Last Updated 7 years ago

Backup and Recovery, First Responder Kit, kCura Relativity

In our Faux PaaS project, we need a backup plan – or rather, a restore plan.

On each SQL Server instance, clients can create as many databases as they want, anytime they want, with no human intervention. We need those databases covered by disaster recovery as quickly as practical.

SQL Server’s newer disaster recovery options – Always On Availability Groups and async database mirroring – have a few drawbacks. They require configuration for each new database, and they can hit worker thread exhaustion as you grow to hundreds or thousands of protected databases.

That’s where old-school log shipping comes in.

The basic concept: backing up and restoring databases

Log shipping (Books Online) isn’t just a built-in feature – it’s more of a technique that’s been around forever.

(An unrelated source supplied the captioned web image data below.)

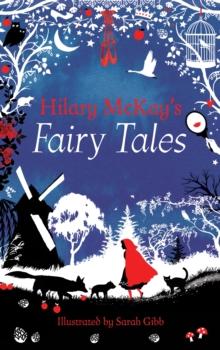 Hilary McKays Fairy Tales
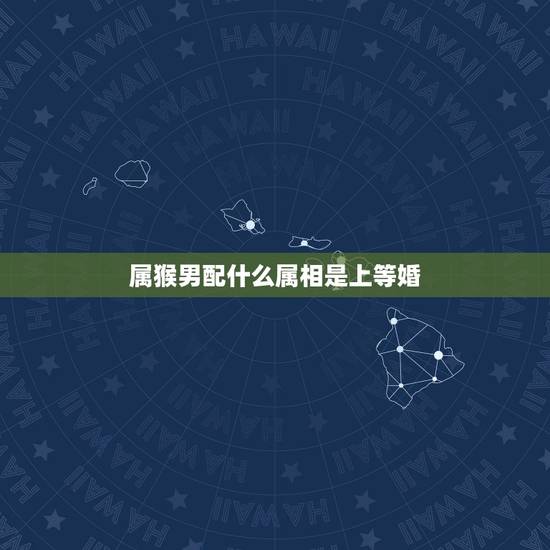 属猴男配什么属相是上等婚,男属猴是和什么属相最合适? 属猴男配什么属相是上等婚,男属猴是和什么属相最合适?
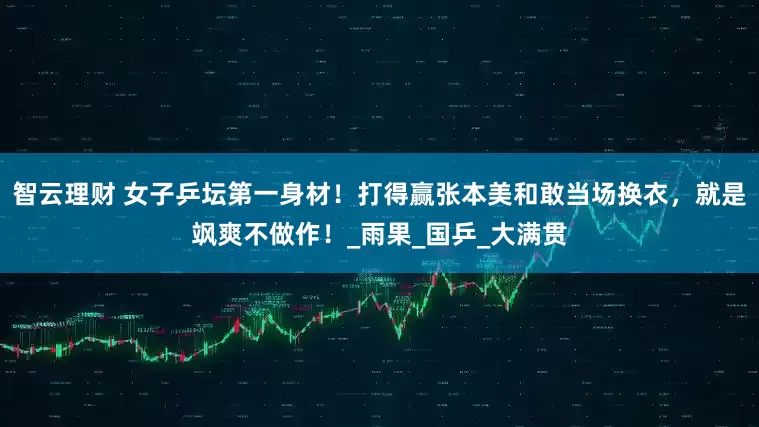 智云理财 女子乒坛第一身材！打得赢张本美和敢当场换衣，就是飒爽不做作！_雨果_国乒_大满贯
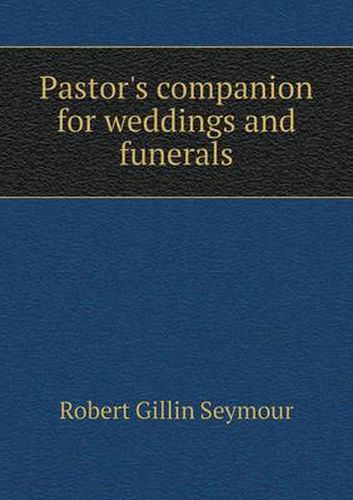 Cover image for Pastor's companion for weddings and funerals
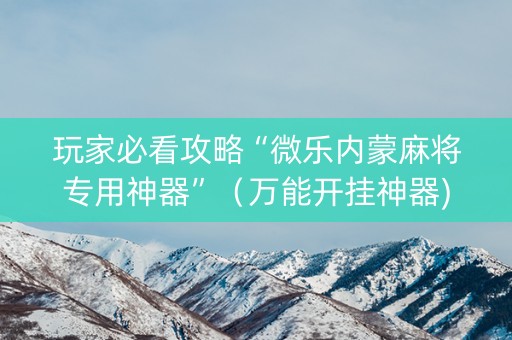 玩家必看攻略“微乐内蒙麻将专用神器”（万能开挂神器)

In essence:

The primary takes a log backup every X minutes
The secondary watches that file share, and restores any new log backups that show up

SQL Server has their implementation of log shipping built right into the product, and it’s great – having stood the test of time for over a decade. (When’s the last time you saw a Cumulative Update that fixed a log shipping bug?) Normally, given the choice between reusing Microsoft’s code versus writing my own, I’ll take theirs every time.

Native log shipping isn’t perfect, though. We had a few ambitious requirements that SQL Server’s implementation didn’t quite meet:

Zero setup for newly added databases
Zero communication between the primary and secondary servers
High throughput to keep up with hundreds or thousands of databases, but without hundreds or thousands of jobs running simultaneously
Open source the whole thing so you can find our bugs

To make log shipping scale, we built sp_AllNightLog.

On the primary server, multiple Agent jobs take backups simultaneously across lots of databases using Ola Hallengren’s proven DatabaseBackup proc. You control the backup frequency and the number of Agent jobs to balance recoverability against performance overhead.

On the restoring server, same thing, but with sp_DatabaseRestore – multiple Agent jobs watch folders for incoming files, and restore ’em. Just like with regular log shipping, you can control the job schedules, so you can use the servers for read-only reporting workloads during the day, then catch ’em back up to current overnight.

You can install the restore side of it on multiple servers, in multiple locations, too. Here’s a sketch-out of a more advanced implementation similar to one we’re doing for the Faux PaaS project:

Disaster recovery using cloud file storage

To learn more:

Read the sp_AllNightLog documentation
Download the free First Responder Kit (and check out Tara’s white paper in there about disaster recovery in Google Cloud)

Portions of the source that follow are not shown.